NEW YORK, NY / ACCESS Newswire / May 15, 2025 / The Glimpse Group, Inc. ("Glimpse") (NASDAQ:VRAR)(FSE:9DR), a diversified Immersive Technology platform company providing enterprise-focused Virtual Reality ("VR"), Augmented Reality ("AR") and Spatial Computing software and services, provided financial results for its third quarter fiscal year 2025, ended March 31, 2025 ("Q3 FY '25").

Business Commentary by President & CEO Lyron Bentovim

Financial Summary:

  • Q3 FY '25 revenue of approximately $1.4 million, a 25% decrease compared to Q3 FY '24 (ending March 31, 2024) revenue of approximately $1.9 million. This expected and previously discussed decrease was primarily driven by revenue recognition timing.

  • Q4 FY '25 (ending June 30, 2025) revenue is expected to be in the $3.2-3.8 million range and profitable, as we deliver and recognize the final stage of the large Department of Defense ("DoD") entity's contract for Spatial Core.

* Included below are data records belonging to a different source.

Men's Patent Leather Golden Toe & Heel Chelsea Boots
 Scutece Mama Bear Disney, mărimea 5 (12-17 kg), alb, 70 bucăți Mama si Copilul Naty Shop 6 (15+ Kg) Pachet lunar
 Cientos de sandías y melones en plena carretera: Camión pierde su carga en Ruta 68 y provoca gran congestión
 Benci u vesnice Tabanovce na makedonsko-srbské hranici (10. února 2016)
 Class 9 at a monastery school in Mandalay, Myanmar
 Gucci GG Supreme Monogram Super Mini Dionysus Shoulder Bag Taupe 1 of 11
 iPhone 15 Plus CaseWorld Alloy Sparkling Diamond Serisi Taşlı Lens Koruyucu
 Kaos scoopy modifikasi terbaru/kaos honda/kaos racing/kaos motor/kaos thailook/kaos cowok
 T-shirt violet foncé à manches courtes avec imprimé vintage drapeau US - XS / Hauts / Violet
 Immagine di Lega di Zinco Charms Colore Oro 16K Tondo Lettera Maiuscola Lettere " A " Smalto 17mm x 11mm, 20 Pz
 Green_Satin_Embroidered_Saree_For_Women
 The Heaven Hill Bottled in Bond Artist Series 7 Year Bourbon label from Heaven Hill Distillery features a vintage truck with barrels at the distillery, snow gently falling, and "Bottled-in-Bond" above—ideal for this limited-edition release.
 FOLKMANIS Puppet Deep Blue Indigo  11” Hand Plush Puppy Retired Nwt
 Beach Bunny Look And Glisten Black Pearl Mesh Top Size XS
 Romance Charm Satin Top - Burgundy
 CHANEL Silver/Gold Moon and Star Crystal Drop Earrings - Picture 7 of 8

  • Last week, we received official confirmation for a new seven-figure Spatial Core deal, which we expect will be signed in the coming weeks. While the U.S. Government's Continuing Resolution and the lack of a Federal budget for 2025 has delayed the potential awarding of multiple Government and DoD opportunities, we continue to be well positioned for multiple opportunities and expect to confirm a few additional seven-figure Spatial Core opportunities in the coming months.

  • Revenue for the nine months ended March 31, 2025 was approximately $7 million, essentially flat compared to the same nine month period last year, despite divesting and consolidating multiple subsidiary companies. For FY '25 (ending June 30, 2025), we expect revenues in the $10-11 million range, a 15-25% increase from FY '24.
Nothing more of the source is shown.